Jackie Robinson was not only one of the greatest players to ever step foot onto the field, he was also the first player to truly break the colour barrier in baseball. His demeanor, attitude, skill, commitment, and personality all combined to make him the ideal candidate to shatter the colour barrier in baseball and withstand the onslaught of criticism, hatred, and abuse he inevitably expected to endure. He would do just that, opening the door and creating an amazing opportunity for many other players to enter the Majors and forge their own careers at the top level of professional baseball.

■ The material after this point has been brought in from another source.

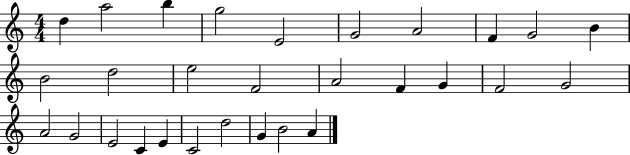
D5/q A5/h B5/q G5/h E4/h G4/h A4/h F4/q G4/h B4/q B4/h D5/h E5/h F4/h A4/h F4/q G4/q F4/h G4/h A4/h G4/h E4/h C4/q E4/q C4/h D5/h G4/q B4/h A4/q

Jackie Robinson began his professional baseball career playing in the Negro Leagues for the Kansas City Monarchs, where his ability at the plate and on the base paths drew the attention of many throughout the baseball world – none more significant than Brooklyn Dodgers General Manager Branch Rickey. Branch Rickey advocated for Major League Baseball to break the colour barrier, and believed that Jackie Robinson was the ideal player with the strength to be successful amidst such a challenge. Once signed by Rickey, Robinson was sent to the Dodgers’ top-tier minor league team, the Montreal Royals, whereby he quickly gained many fans and supporters north of the border, and would lead the league in both average and stolen bases, batting .349 with 40 stolen bases. He made his Major League debut on April 15, 1947, and would go on to earn Rookie of the Year honours that year and later the NL MVP honours in 1949, leading the league in batting average (.342) and stolen bases (37) alongside a career-best 124 RBIs. The Dodgers won six pennants in the 10 seasons Robinson would play in Brooklyn. He was inducted into the National Baseball Hall of Fame in 1962, not only for his outstanding play on the field, but his immense impact on both baseball and the world in regards to equal opportunity and rights. His legacy and contributions to the game are celebrated every year on April 15 – the day he made his Major League debut, known throughout the baseball community as Jackie Robinson Day.
Jackie Robinson once said “A life is not important except in the impact it has on other lives” – simply put, the impact Jackie had on the game of baseball and its fans has been immeasurable.